TASK BRIEF:
Wherever the string "Porsche" shows up in the records below, return that line.

ENTRIES PROVIDED:
--- START ---

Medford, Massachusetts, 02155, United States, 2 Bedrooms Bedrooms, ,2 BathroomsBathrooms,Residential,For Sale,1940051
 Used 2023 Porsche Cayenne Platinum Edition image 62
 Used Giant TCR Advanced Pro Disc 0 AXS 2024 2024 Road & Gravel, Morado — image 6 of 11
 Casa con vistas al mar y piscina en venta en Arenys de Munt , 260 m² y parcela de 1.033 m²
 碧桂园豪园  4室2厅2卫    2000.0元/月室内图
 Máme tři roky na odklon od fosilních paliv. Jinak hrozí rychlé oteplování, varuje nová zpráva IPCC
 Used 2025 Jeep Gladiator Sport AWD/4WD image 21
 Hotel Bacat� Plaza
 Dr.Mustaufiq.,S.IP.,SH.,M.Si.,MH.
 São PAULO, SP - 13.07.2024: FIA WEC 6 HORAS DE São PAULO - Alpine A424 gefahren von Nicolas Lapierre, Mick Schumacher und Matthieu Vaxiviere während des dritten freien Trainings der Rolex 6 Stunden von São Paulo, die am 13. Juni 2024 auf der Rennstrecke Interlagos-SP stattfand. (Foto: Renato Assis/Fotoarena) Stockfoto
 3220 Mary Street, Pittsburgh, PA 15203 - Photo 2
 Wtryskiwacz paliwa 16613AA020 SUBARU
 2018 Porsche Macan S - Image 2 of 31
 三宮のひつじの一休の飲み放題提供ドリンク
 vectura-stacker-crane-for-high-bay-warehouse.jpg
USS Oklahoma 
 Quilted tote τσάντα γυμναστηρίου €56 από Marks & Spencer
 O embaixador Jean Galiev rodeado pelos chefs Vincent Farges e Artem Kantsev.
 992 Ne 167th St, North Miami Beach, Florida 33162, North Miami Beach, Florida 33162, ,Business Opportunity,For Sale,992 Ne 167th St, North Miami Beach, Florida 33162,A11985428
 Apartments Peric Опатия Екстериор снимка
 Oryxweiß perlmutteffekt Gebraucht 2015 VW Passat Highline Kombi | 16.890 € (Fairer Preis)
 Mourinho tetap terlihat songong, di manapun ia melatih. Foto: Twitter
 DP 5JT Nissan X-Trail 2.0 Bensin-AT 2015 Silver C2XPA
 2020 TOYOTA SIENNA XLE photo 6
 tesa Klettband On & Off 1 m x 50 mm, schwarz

--- END ---

RESPONSE AREA:
 Used 2023 Porsche Cayenne Platinum Edition image 62
 2018 Porsche Macan S - Image 2 of 31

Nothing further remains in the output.